Error compiling kernel

I am running into the following cuda error when running certain job types on certain GPU nodes.

**** handle exception rc
set status to failed
Traceback (most recent call last):
  File "cryosparc2_worker/cryosparc2_compute/", line 78, in
  File "cryosparc2_worker/cryosparc2_compute/jobs/template_picker_gpu/", line 62, in
  File "cryosparc2_worker/cryosparc2_compute/jobs/template_picker_gpu/", line 201, in
  File "cryosparc2_worker/cryosparc2_compute/jobs/template_picker_gpu/", line 261, in
  File "cryosparc2_worker/cryosparc2_compute/jobs/motioncorrection/", line 275, in
  File "cryosparc2_worker/cryosparc2_compute/engine/", line 362, in cryosparc2_compute.engine.cuda_core.context_dependent_memoize.wrapper
  File "cryosparc2_worker/cryosparc2_compute/jobs/motioncorrection/", line 267, in
  File "cryosparc2_worker/deps/anaconda/lib/python2.7/site-packages/pycuda/", line 294, in __init__
    self.module = module_from_buffer(cubin)
pycuda._driver.LogicError: cuModuleLoadDataEx failed: device kernel image is invalid - error   : Binary format for key='0', ident='' is not recognized
========= main process now complete.

This has been discussed several times already on the forum:

It seems like this is a common issue, so I would like to understand the cause more thoroughly.

I am able to reproduce the issue from python:

eval `bin/cryosparcw env`
python -c "import as run;" --project P3 --job J14 --master_hostname --master_command_core_port 39122

Since it seems to be a problem in pycuda, I use the following script (derived from their tutorial) to verify that pycuda works and can execute basic CUDA code:

import pycuda.autoinit
import pycuda.driver as drv
import numpy

print("Cuda Version: {}".format(drv.get_version()))
print("Driver Version: {}".format(drv.get_driver_version()))
print("GPU({}): {} # {}".format(pycuda.autoinit.device.count(),, pycuda.autoinit.device.pci_bus_id()))

from pycuda.compiler import SourceModule
mod = SourceModule("""
__global__ void multiply_them(float *dest, float *a, float *b)
    const int i = threadIdx.x;
    dest[i] = a[i] * b[i];

multiply_them = mod.get_function("multiply_them")

a = numpy.random.randn(400).astype(numpy.float32)
b = numpy.random.randn(400).astype(numpy.float32)

dest = numpy.zeros_like(a)
        drv.Out(dest), drv.In(a), drv.In(b),
        block=(400,1,1), grid=(1,1))

print(dest - a*b)

This prints the expected cuda toolkit and driver versions, as well as the expected [0...] output. So it appears basic pycuda works.

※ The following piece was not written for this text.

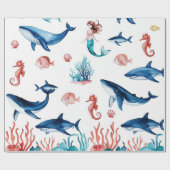 Knorpelhai Geschenkpapier (Flach)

My next step would normally be to look at the cuda code from cryosparc2_compute/jobs/motioncorrection/, but this is from a compiled extension in cryosparc. Is the source for that available anywhere, or is it considered proprietary? If the latter, could the devs provide any hints about what cuda features might be in use there that are causing the error?

BTW, a secondary bug report: cryosparcw exits with status 0 after this error. Thus it is reported as a “successful” job in our monitoring system.

The errors seem to happen on nodes with Nvidia GTX 1080 or 1080Ti GPUs. Weirdly it was successful on a different node with an RTX 2080Ti. However we have few 2080Ti nodes available, so I’d like to solve it on the older models.

Current cryoSPARC version: v2.13.2
GPUs with errors: Nvidia GTX 1080, Nvidia GTX 1080Ti
GPUs without errors: Nvidia RTX 2080Ti
Cuda Driver: 440.64.00 (all systems)
Cuda Toolkit: 10.0.130 (all systems)

I’ve determined that the failing jobs (e.g. blob picker, template picker, probably others) fail consistently on GTX 1080 and 1080Ti GPUs, and complete successfully on RTX 2080Ti cards. That’s weird, since all machines have the same driver and toolkit versions installed, and it should be compatible with all three cards.

Some more info about the cuda code being executed would be really helpful here, but I’m unsure how to get it.